Undergraduate project topics can be designed to fit a variety of class constructs and to promote student learning at all levels of undergraduate education. It is also a task undertaken by student(s) within a given period of time in a given subject area aimed at making the student have independent capacity for inquiries and to supplement and as well complement formal teaching in his area of study. This enables the student hone-in the theoretical course work in the university. There is no doubt that the exercise will reveal to the lecturer who is assigned to supervise the student, the student’s area of strength and weaknesses. When these weaknesses are corrected during lecturer – student interaction, the student comes out to be the pride of the university – the alma mater.

Undergraduate research projects can be student or faculty initiated, and students can either participate in a work in progress or enter a project at its start. Undergraduate research is the exploration of a specific topic within a field by an undergraduate student that makes an original contribution to the discipline.

ANXIETY AND STUDENTS CONFIDENCE IN UNDERGRADUATE PROJECT

Everyone has feelings of anxiety at some point in their life, whether it is about preparing for a job interview, meeting a partner’s family for the first time, or the prospect of parenthood. While we associate anxiety with alterations to our mental state, experienced as worry or apprehension perhaps, and physical symptoms such as raised heart rate and adrenaline, we also understand that it is likely to affect us only temporarily until the source of our anxiety has passed or we have learnt to cope with it. Anxiety is therefore one of a range of emotions that serves the positive function of alerting us to things we might need to worry about: things that are potentially harmful. More importantly, these emotions help us to evaluate potential threats and respond to them in an appropriate way, perhaps by quickening our reflexes or focusing our attention.

Therefore, when students have a feel of anxiety especially when writing research project, they tend to lose their confidence because of fear of what and how the project will turn out and most of this cases are seen where undergraduate students have strict and unsupportive project supervisor. So the fear of not wanting to disappoint their supervisors or the fear of whether they can write an excellent project that will be accepted without much criticism bothers them which eventually turns into anxiety. And when students begin to feel this way, there is every tendency that they lose their self confidence which may lead to poor research project.

CONCLUSION

Fear is probably the most basic of all emotions. Not only do all humans experience it, but fear responses have been found in all species even animals right down to the sea slug. Experiences of fear vary tremendously in their severity, from mild anxiety to extreme terror and panic. The experience of fear can also vary in duration from a brief, almost fleeting flash, to a constant, all day experience. While anxiety and panic, by their nature, are unpleasant, they are not in the least bit dangerous.

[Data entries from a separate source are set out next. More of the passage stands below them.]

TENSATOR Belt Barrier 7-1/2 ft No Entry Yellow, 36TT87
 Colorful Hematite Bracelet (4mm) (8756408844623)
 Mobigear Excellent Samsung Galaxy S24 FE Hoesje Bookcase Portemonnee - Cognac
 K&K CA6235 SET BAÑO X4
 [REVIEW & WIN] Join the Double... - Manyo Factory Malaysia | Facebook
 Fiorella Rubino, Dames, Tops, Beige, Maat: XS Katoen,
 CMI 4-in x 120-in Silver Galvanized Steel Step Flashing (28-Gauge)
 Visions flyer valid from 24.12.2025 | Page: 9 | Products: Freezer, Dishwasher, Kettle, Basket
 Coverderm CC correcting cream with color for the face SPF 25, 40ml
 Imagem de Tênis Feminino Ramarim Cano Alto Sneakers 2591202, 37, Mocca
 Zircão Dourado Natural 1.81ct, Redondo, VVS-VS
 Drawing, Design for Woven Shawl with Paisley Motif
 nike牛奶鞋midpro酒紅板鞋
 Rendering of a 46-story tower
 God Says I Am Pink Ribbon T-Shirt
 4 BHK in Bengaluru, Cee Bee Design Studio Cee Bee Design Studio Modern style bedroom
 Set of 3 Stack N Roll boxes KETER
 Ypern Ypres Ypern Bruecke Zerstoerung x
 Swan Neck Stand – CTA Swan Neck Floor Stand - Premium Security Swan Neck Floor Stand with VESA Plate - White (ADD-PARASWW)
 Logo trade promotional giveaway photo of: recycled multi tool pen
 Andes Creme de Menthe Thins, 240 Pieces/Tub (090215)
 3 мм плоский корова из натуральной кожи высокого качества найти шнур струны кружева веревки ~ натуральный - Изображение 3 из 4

It can be concluded that anxiety is manifest by disturbances of mood, thinking, behavior, and physiological activity and accompanying disturbances of sleep, concentration, social and/or occupational functioning. Also, it is associated with restlessness, feeling keyed up or on edge, being easily fatigued, difficulty in concentrating or mind going blank, irritability, muscle tension, and irritability. And all of these can make one lose his/her self confidence in anything which may or may not turn out excellently well.